Nun wollte man nach den beiden sehr komödiantischen, teilweise sogar schrägen "Bride of Chucky" und "Seed of Chucky" wieder düstere Töne anstimmen, weshalb man den sechsten Teil des Franchise kaum nach dem 2004er Film anknüpfen konnte. Mancini wollte aber auch kein Reboot der Reihe inszenieren, sondern den Fans wieder einen bösen und humorlosen Chucky präsentieren und zugleich einen Einblick in die Vergangenheit des Serienkillers Charles Lee Ray gewähren, der bei der Flucht vor der Polizei tödlich angeschossen wird und in einen Spielzeugladen flüchtet. Dort verschmilzt seine Seele durch ein magisches Ritual mit dem Körper einer "Good Guy"-Puppe. Fortan mordet er als "Chucky" weiter...

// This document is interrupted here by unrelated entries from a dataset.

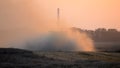 Combine harvester reaping wheat on field in the summer evening. Dust field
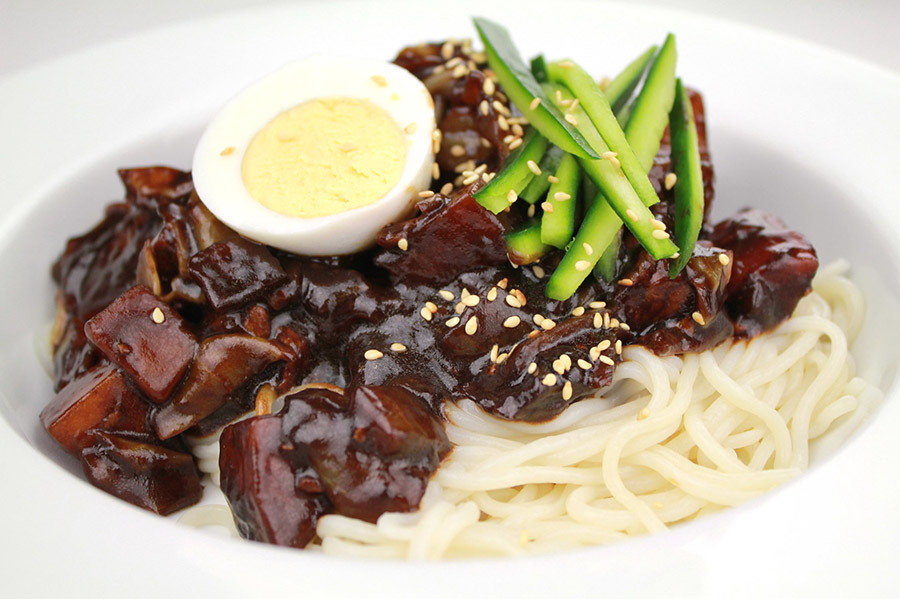 A Bowl of Jjajangmyeon with cucumber and egg toppings
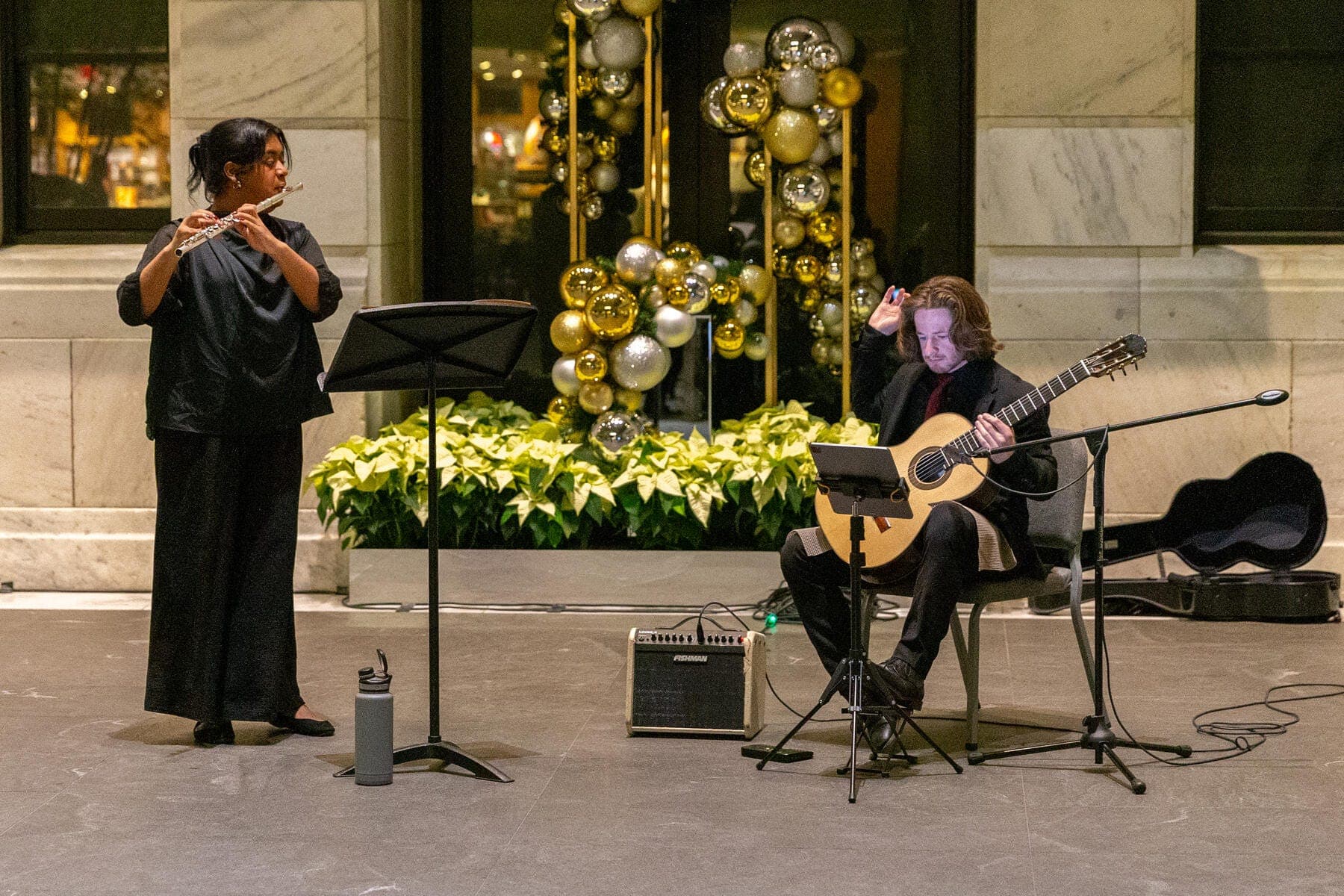 a man playing a guitar next to a woman playing a musical instrument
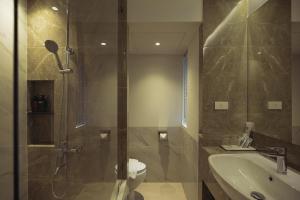 a bathroom with a shower and a toilet and a sink at Hotel Holm Bangkok in Bangkok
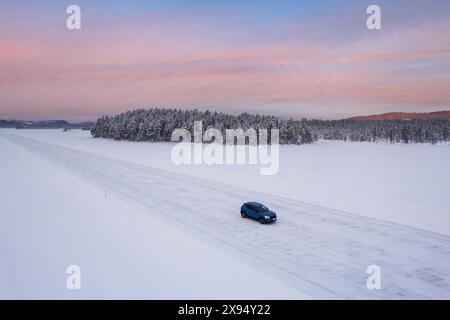 Aus der Vogelperspektive eines Autos, das auf einer vereisten Straße auf einem gefrorenen See fährt, umgeben von Nadelwäldern, in der Abenddämmerung, Jokkmokk, Schwedisch Lappland, Schweden Stockfoto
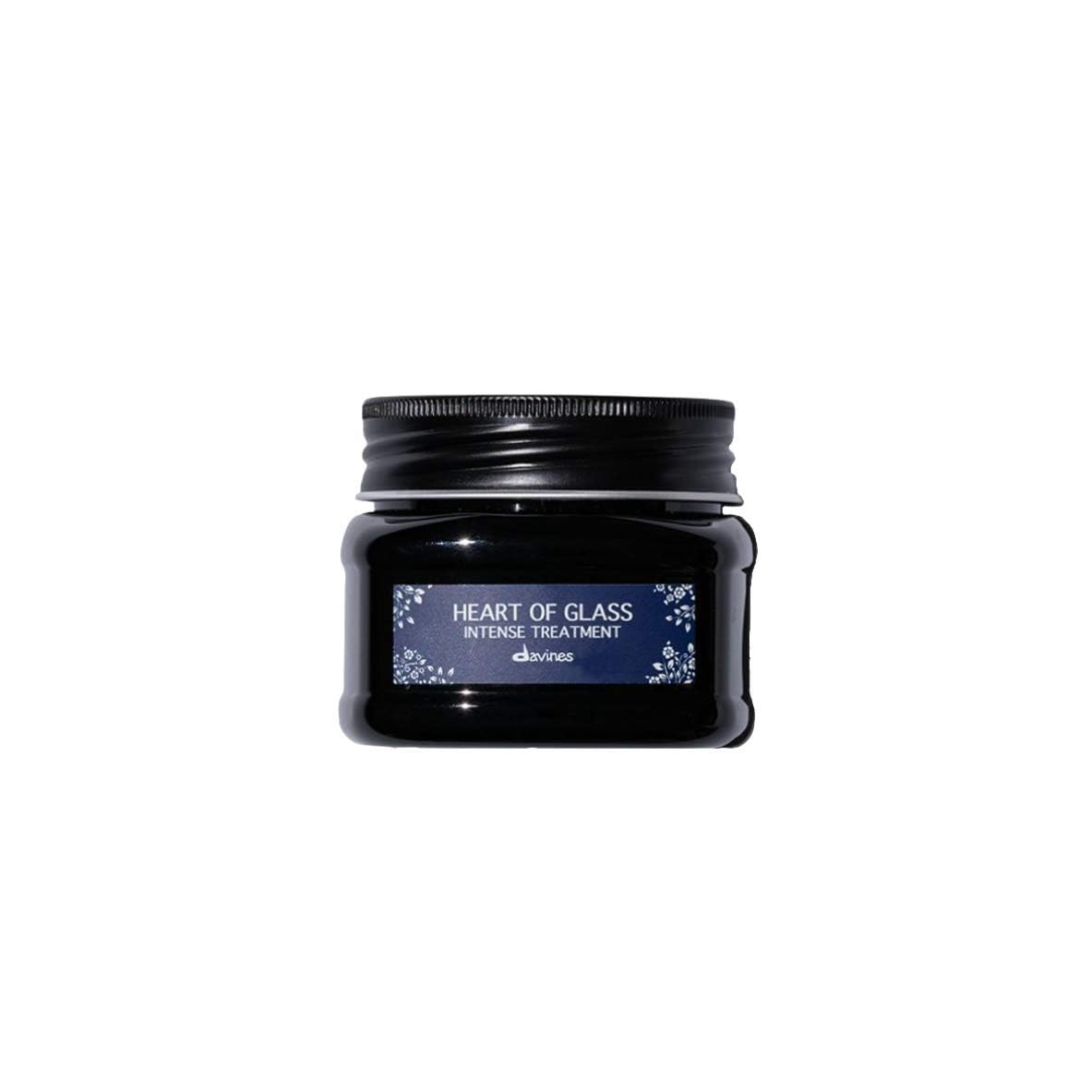 Davines Heart Of Glass bottle closeup for strengthening and brightening blond hair.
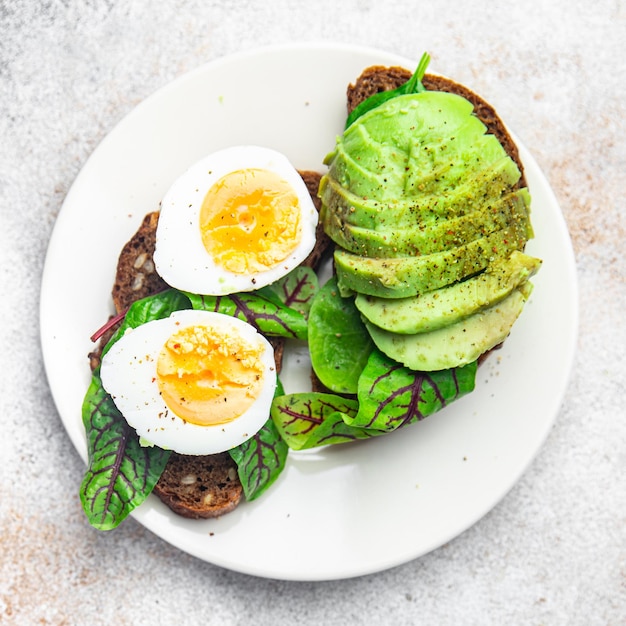 avocado sandwich egg bread breakfast open sandwich fresh meal fastfood diet snack on the table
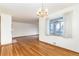 Dining room with hardwood floors, classic chandelier, and ample sunlight at 5582 E Colorado Ave, Denver, CO 80222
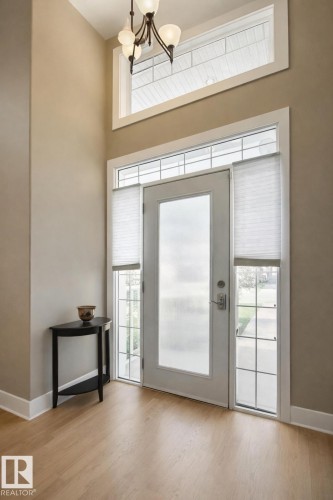 Inviting entryway featuring light-toned flooring, a tall ceiling, and an overhead light fixture - 6712 18 Ave Sw Sw, Edmonton, AB - Indoor Photo Showing Other Room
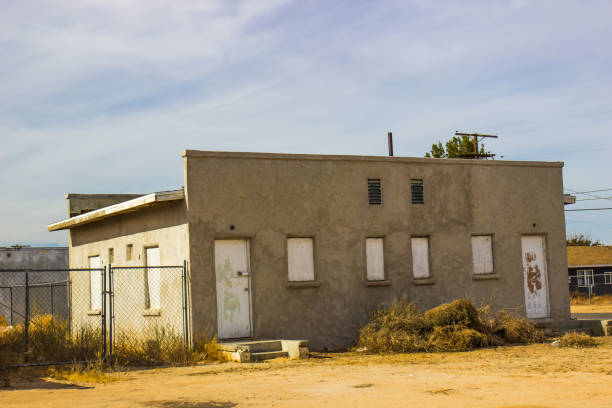 istock Abandoned Building With Boarded Up Windows 1198838994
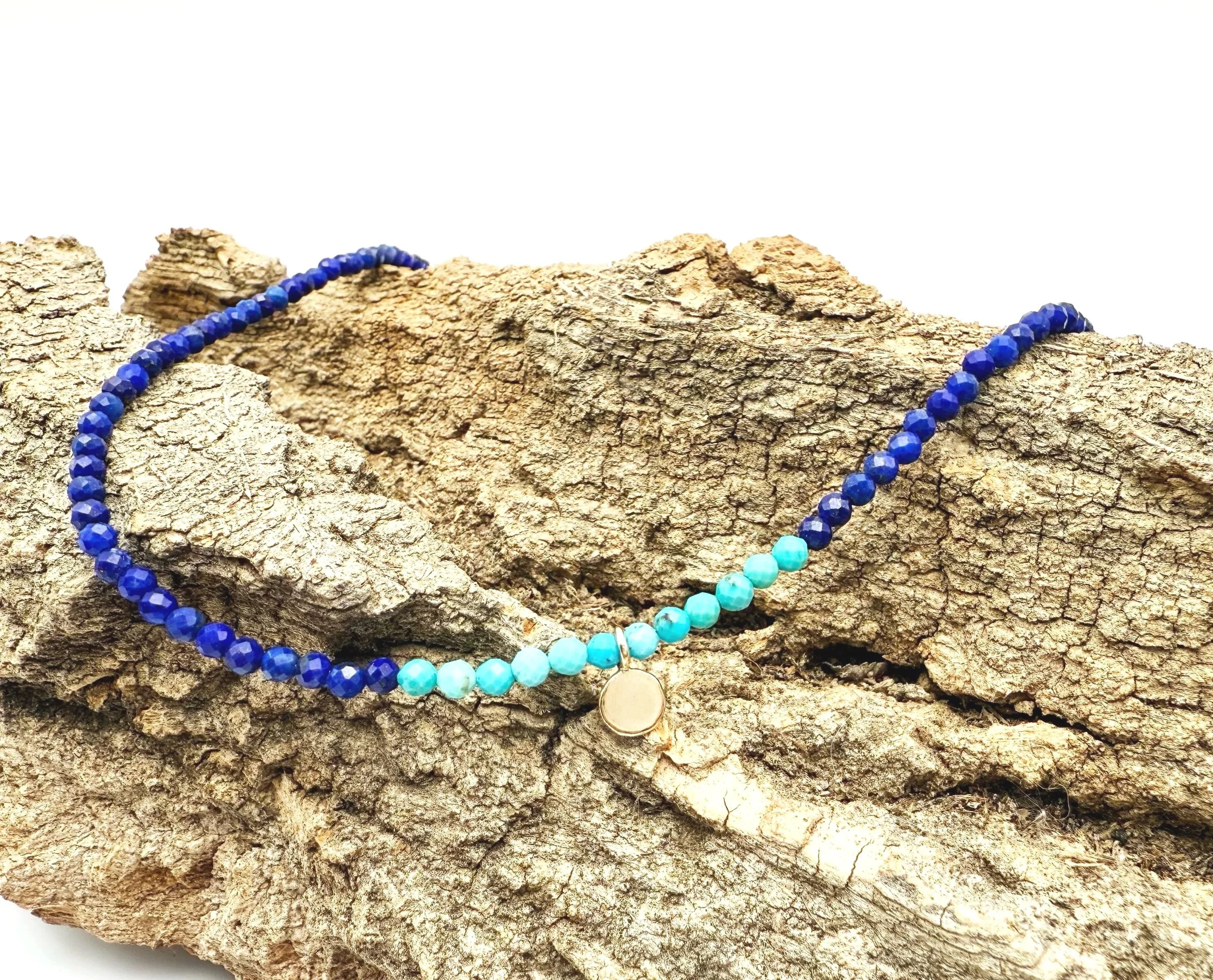 lapis lazuli and turquoise beaded necklace with gold disc pendant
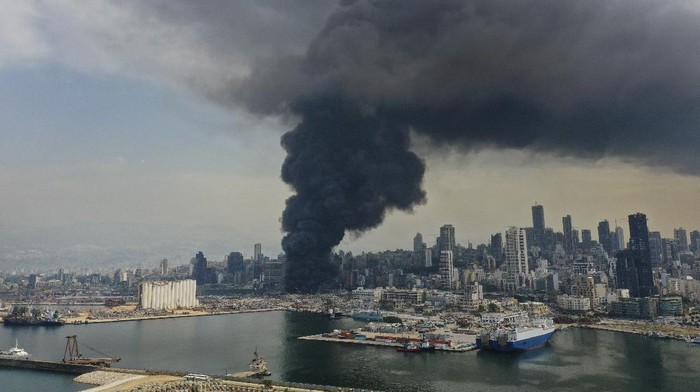 Black smoke rises from a fire at warehouses at the seaport in Beirut, Lebanon, Thursday, Sept. 10. 2020. A huge fire broke out Thursday at the Port of Beirut, triggering panic among residents traumatized by last months massive explosion that killed and injured thousands of people. (AP Photo/Hussein Malla)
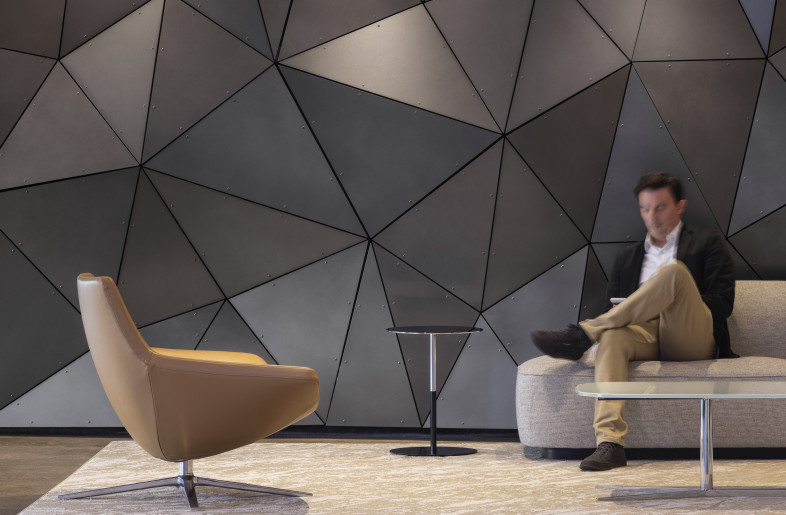 A sculptural feature wall of dark geometric panels that provides a striking backdrop to this intimate seating area. It also blends modern design with a sense of quiet sophistication. - Evan Thomas/studiothomas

"Curse of Chucky" spielt zeitlich zwischen "Chucky 3" und "Bride of Chucky" und stellt die querschnittsgelähmte Nica in den Mittelpunkt, die alleine mit ihrer neurotischen Mutter in einem alten Haus wohnt. Als Nica ein seltsames Paket mit einer Puppe erhält, schenkt sie diesem zuerst keine Beachtung. Sorglos überlässt sie die niedliche Puppe ihrer Nichte Alice, die nach einem angeblichen Freitod von Nicas Mutter mit ihren Eltern und dem Babysitter das alte Anwesen besucht. Es stellt sich aber schnell heraus, dass das Spielzeug keine gewöhnliche "Good-Guy"-Puppe aus den 1980er Jahren ist, und Nica scheint mehr mit Chuckys menschlicher Vergangenheit gemeinsam zu haben als ihr lieb ist...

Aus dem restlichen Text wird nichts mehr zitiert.